Thanks for your thoughts. I like Greg Boyd too. I disagree strongly with him on the matter of God's foreknowledge, but I disagree just as strongly with John Piper. So... I'm grateful that I can still benefit from both.

Grace and peace,


Strider said...

Loving your enemies leads to crucifixion. If you are not about the cross then avoid your enemies at all costs.

Strider said...

Oh, and watch out for your friends as well.

Emily Hunter McGowin said...

Strider, you've made a great point. Jesus embraced his enemies and was killed for it. God embraced his enemies and lost the Son over it. What makes us think that we can expect anything else?

Emily Hunter McGowin said...

I think clarification is needed, however, when we look into situations of victimization: sexual assault, physical and psychological abuse, and torture. It seems that embracing or loving one's enemies gets tricky in situations such as these. Surely, we are not telling the abused to embrace someone who will only beat her in return. I hope not.

A theology that includes sacrificial love has also to include conceptions of justice and reconciliation. Walter Wink says, “When church leaders preach reconciliation without having unequivocally committed themselves to struggle on the side of the oppressed for justice, they are caught straddling a pseudoneutrality made of nothing but thin air.”

Filipino poet J. Cabazares’ says: “Talk to us about reconciliation/Only if your words are not products of your devious scheme/to silence our struggle for freedom.”

I agree. Although cruciform living definitely involves embrace of enemies, we must tread carefully in the case of those who are repeatedly and demonically victimized by their enemies.

AmeBenit said...

It's interesting that educated intelligent folk would talk about something they apparently have not studied.

Love your enemy... who is the enemy? What exactly was Jesus referring to when He said that. It has all been taken out of context and now we have a muddle about whether we should protect ourselves, defend ourselves, protect our families etc.

To love your enemy is meant to refer to your neighbor, or a stranger who is not of your family or tribe. Loving your enemy does not refer to someone who has animosity and murder in their heart towards you. Pray for those who dispitefully use you... again, does not mean you lay down your life to that one. You can pray for someone without giving up your life, right?

Happily, according to the Bible, we can still protect ourselves, protect our families, BUT, of course as long as we follow the rules of engagement stated in the Word. Do not sin in your anger, being one of them

Generosity towards those who are put upon, abused, in a desperate situation has been a tradition that Jesus expounded upon in the story of the Good Samaritan, and where the words, to love your enemy, came from. It is a Jewish tradition, and it was supposed to be a Christian tradition.

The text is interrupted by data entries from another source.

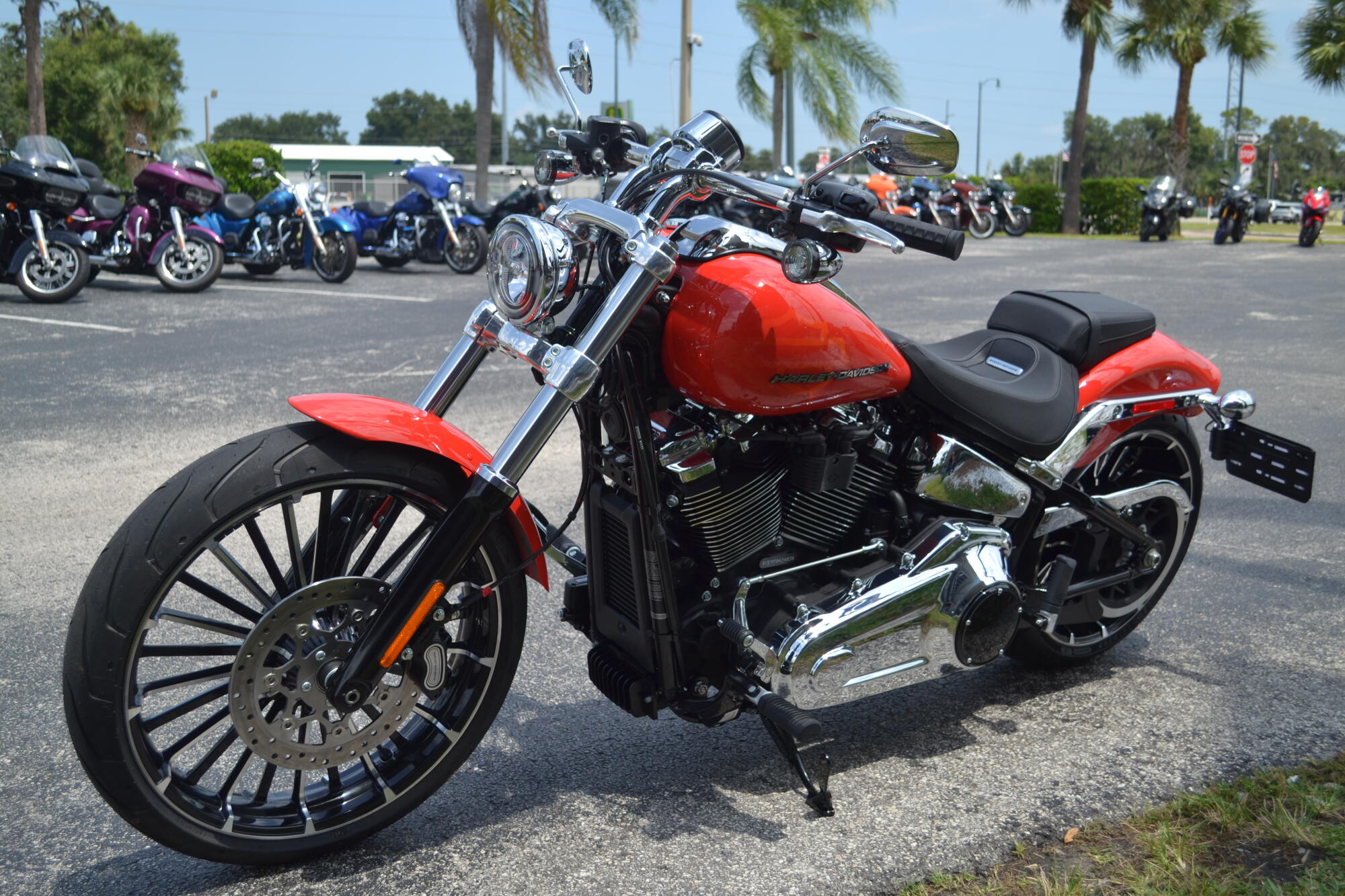 2026 Harley-Davidson® Breakout® Blood Orange - FXBR, photo 20
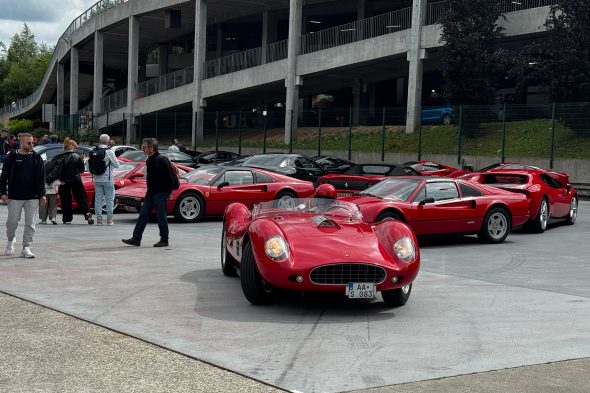 Ausgestellte Autos bei der "SpaItalia"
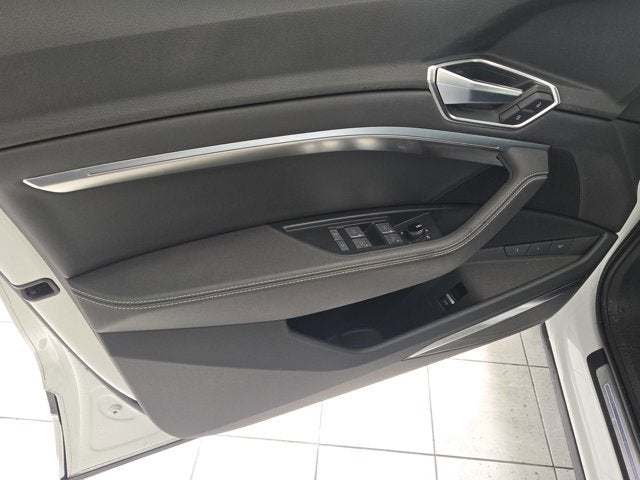 2022 Audi e-tron Premium Plus AWD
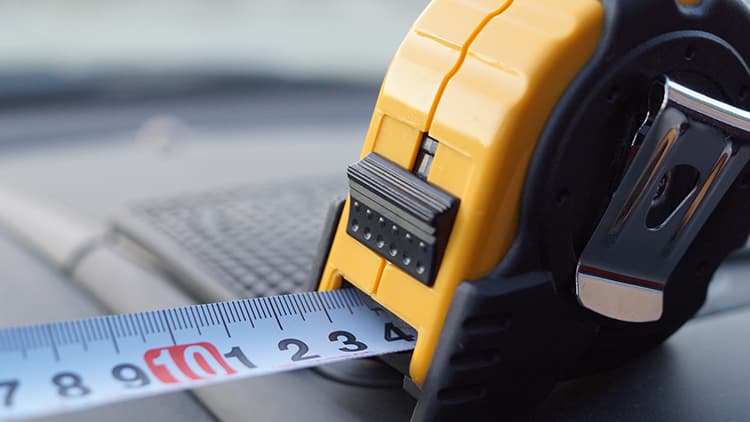 Mittaa kahdesti, leikkaa kerran: vinkit listoituksen tekoon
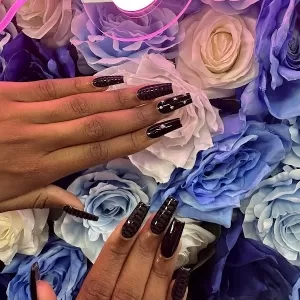 Glossy Nails & Spa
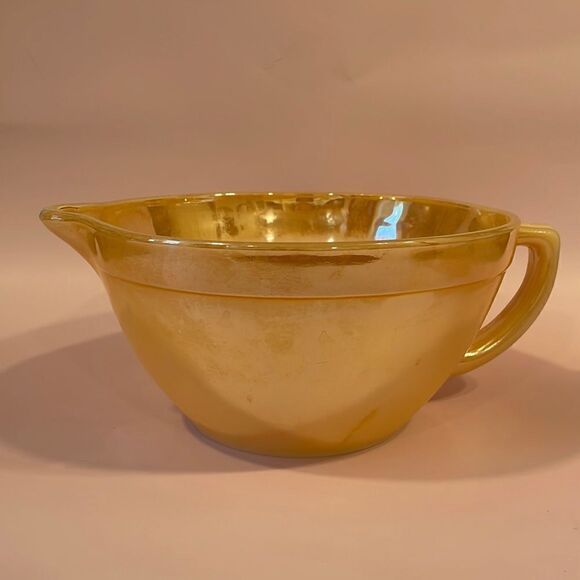 Fire King, Peach Lusterware with Laurel, Batter Mixing Bowl No Chips Collectible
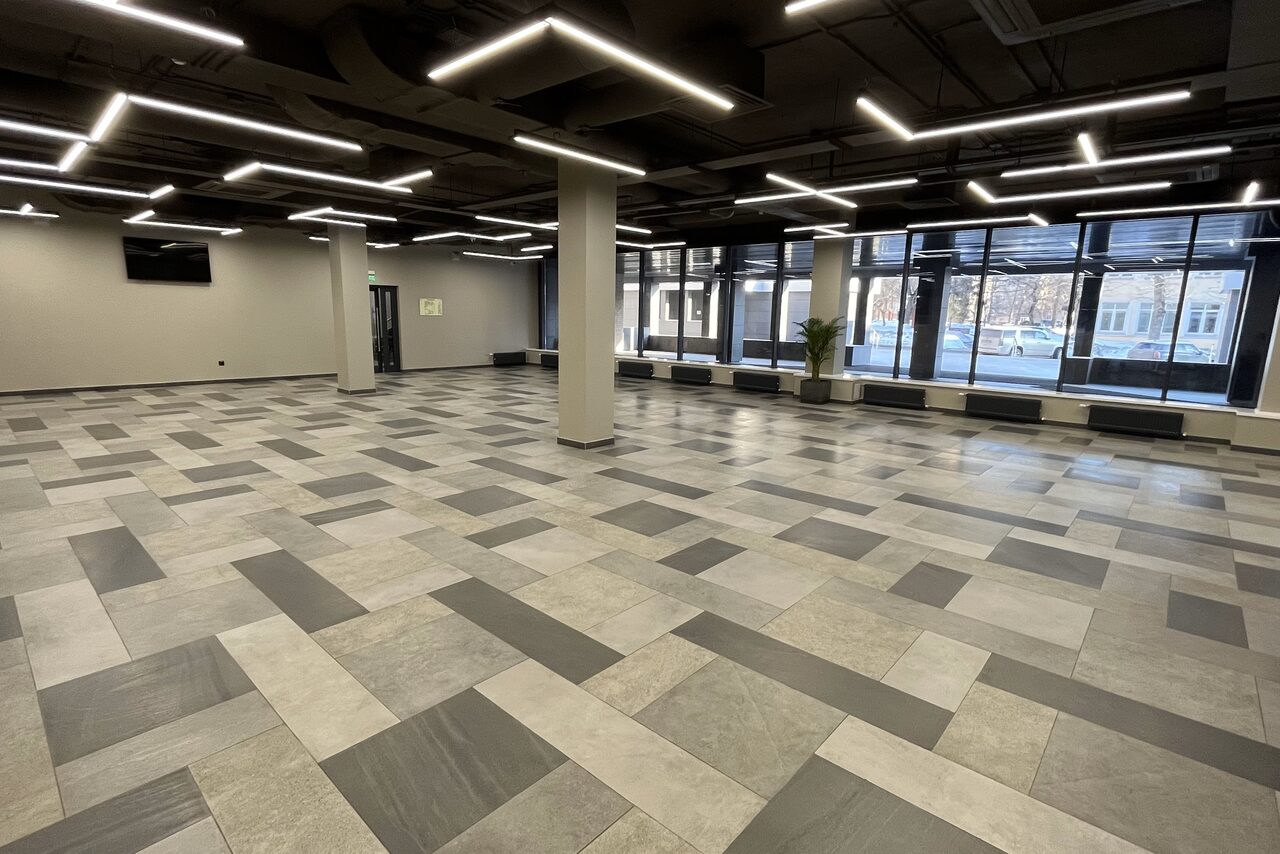 Арендовать Пространство с большими окнами для ваших мероприятий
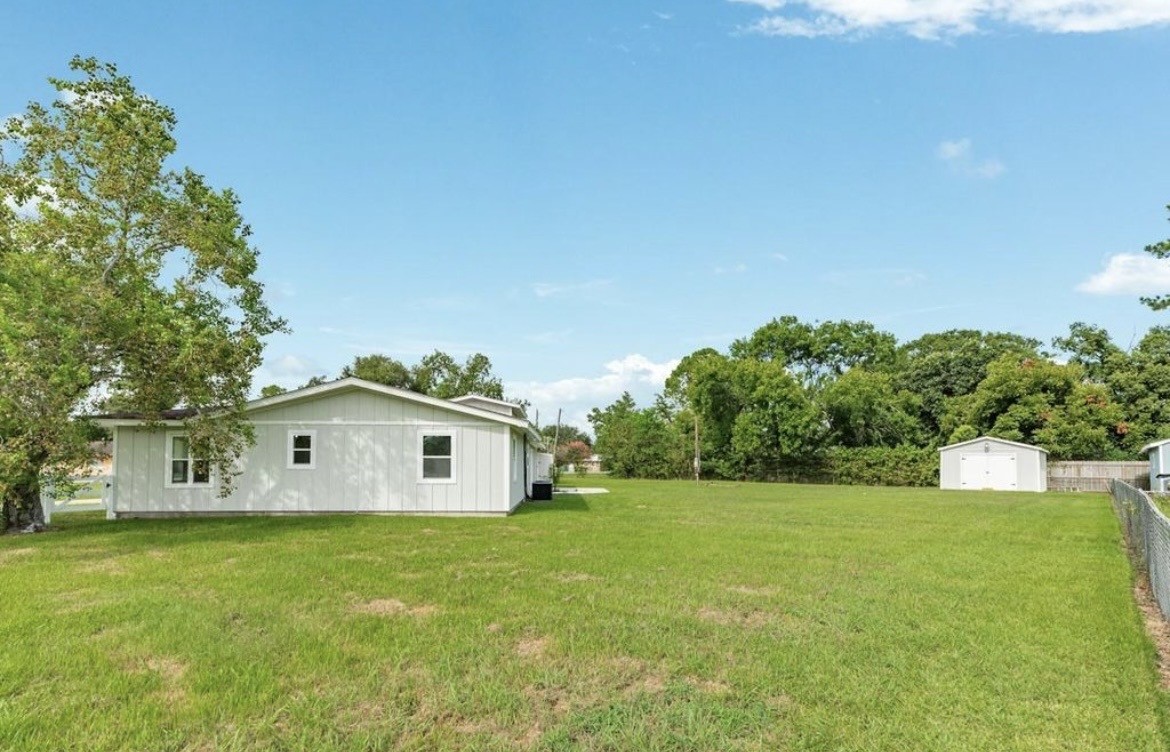 1200 Gifford Lane Angleton, TX 77515 - Photo 8 of 26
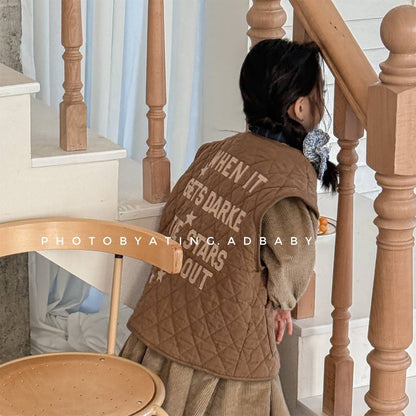 ベスト キルティングベスト ノースリーブ 刺繍ロゴ 中綿入り アウター【mh0011411】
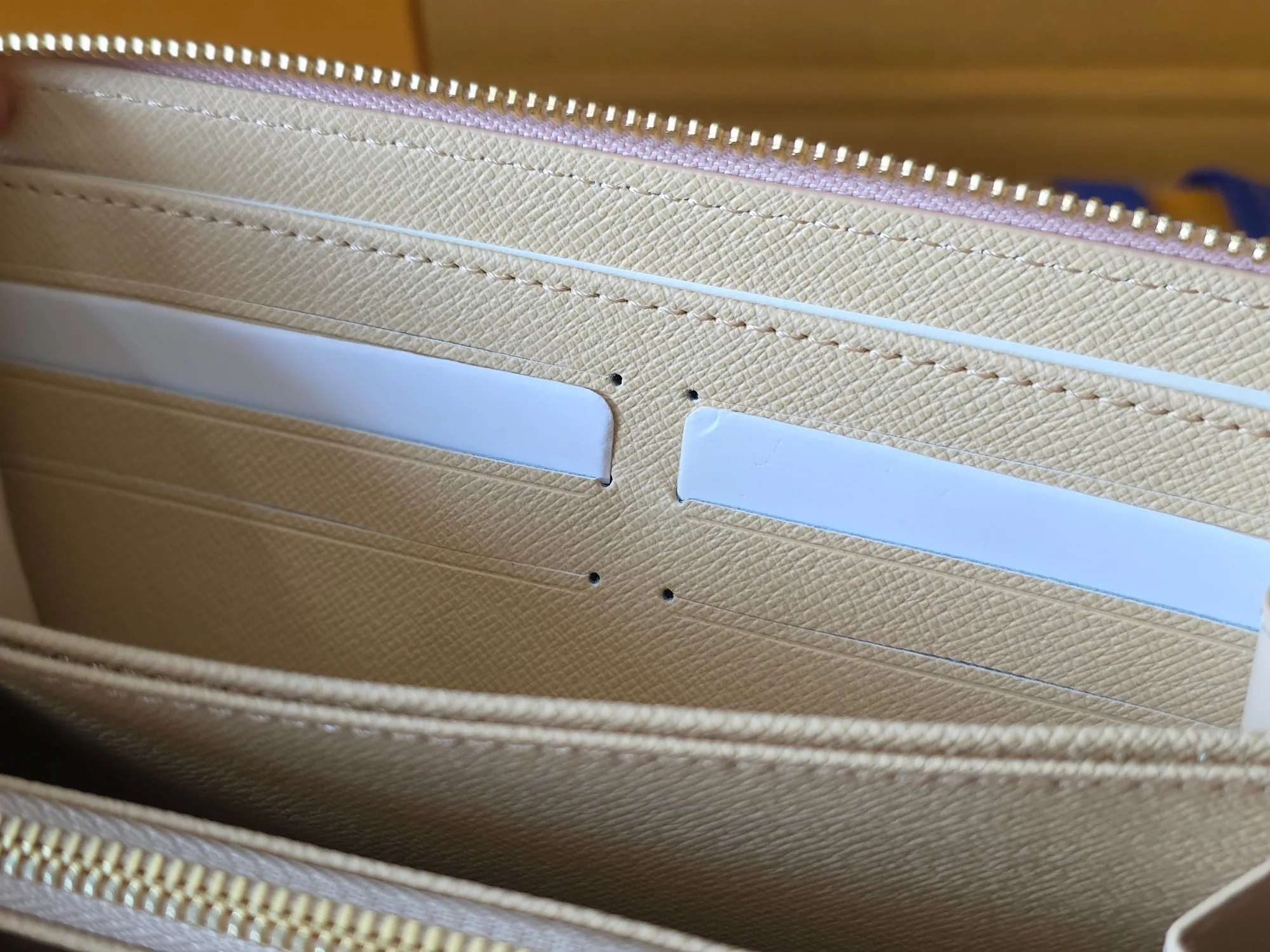 Клатчи Женские Louis Vuitton 18391185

As far as the washing of feet, that is reserved to those whom the Master was going to serve. Not to just anyone, but those who would follow Him. We will in turn serve the master, drink of the cup that He drank from and be a servant of Jesus Christ. I am in you and you are in me, was what Jesus said. Not to the idol worshippers, but to those who followed Him and were His disciples. This washing of feet of His disciples was to show that He was in them, or at least would be shortly by a great service He would render to mankind.

He would EXCHANGE His pure, clean, sanctified, born of the Holy Spirit life for the misguided one of the First Adam, thereby reversing the loss of our close and familial relationship with our Creator.

Anyone can benefit from this wonderful thing. No matter where they come from or who they are. There is an EXCHANGE that must occur, however. Humans must trade in their wicked selves and allow Jesus by the Holy Spirit of God to instruct them, lead them, and correct them.

Another allegory, exchanging our tattered and dirty garments - traditional garment of mourning- for white clean robes of righteousness, or joy and festivity.

Y'all be blessed, oh, and don't toss your pearls in front of swine, please. Make sure you know who you are voting for and why, in the upcoming elections. Your votes are pearls of great value. Spend them wisely.

Emily Hunter McGowin said...


I appreciate you stopping by. I don't think you've commented here before.

As you visit and share your opinion, I would strongly encourage you to think twice about comments like this, which come across as arrogant and condescending: "It's interesting that educated intelligent folk would talk about something they apparently have not studied." Unfortunately, with an attitude like that, even if I were inclined to agree with you, I would be put off entirely.

That said, although I hear your qualifications and appreciate your different perspective, I strongly disagree with your assessment of Jesus' teaching on enemies and Jesus' act of foot-washing. In fact, I think you have missed the radical nature of Jesus' point entirely. What you describe is something any Rabbi in Palestine would have taught at that time, not something that turns the world on it's head.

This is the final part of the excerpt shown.